▶ [AIM OF THE TASK]:
What are the lines, word for word, from the line with "Used 2023 Volkswagen" up to and including the line with "إصابة نائبة مصرية" in the records below? Omit the pictures.

▶ [DATA RECORDS]:
******************************

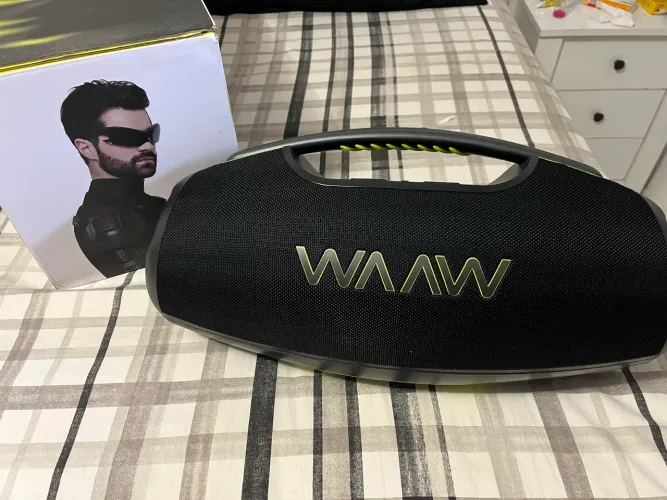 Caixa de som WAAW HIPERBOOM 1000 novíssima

******************************

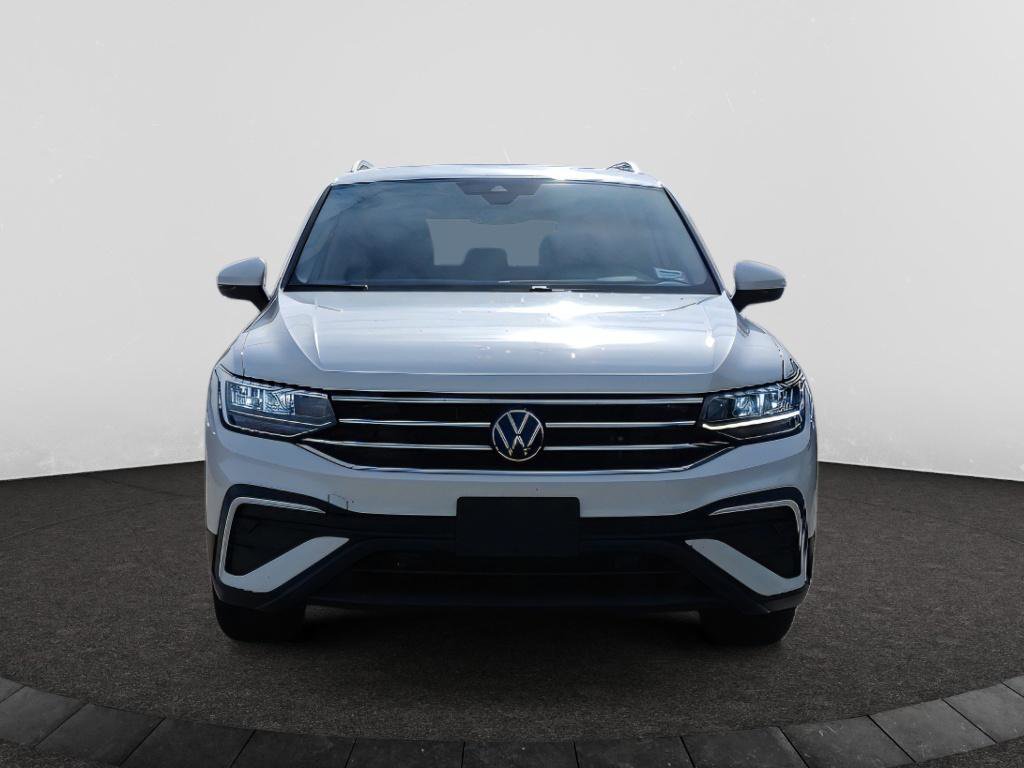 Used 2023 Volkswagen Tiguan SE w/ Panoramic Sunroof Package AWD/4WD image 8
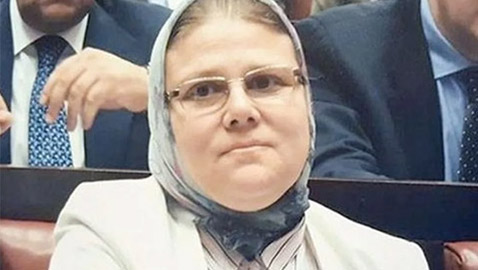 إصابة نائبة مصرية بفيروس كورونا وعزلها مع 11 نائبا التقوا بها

******************************

▶ [RESULT BELOW]:
 Used 2023 Volkswagen Tiguan SE w/ Panoramic Sunroof Package AWD/4WD image 8
 إصابة نائبة مصرية بفيروس كورونا وعزلها مع 11 نائبا التقوا بها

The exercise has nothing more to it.